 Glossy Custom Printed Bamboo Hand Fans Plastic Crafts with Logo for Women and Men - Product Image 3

...

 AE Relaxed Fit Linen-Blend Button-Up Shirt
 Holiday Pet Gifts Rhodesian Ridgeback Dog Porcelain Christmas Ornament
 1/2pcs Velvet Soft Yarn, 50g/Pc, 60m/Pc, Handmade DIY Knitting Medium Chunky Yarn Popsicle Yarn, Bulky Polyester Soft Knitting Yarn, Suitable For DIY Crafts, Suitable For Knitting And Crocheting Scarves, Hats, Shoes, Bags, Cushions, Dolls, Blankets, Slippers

> _Requirement_: What number of lines in the listing above hold the string "Crafts"? Give that number and nothing else.

> _Response to this task_: 2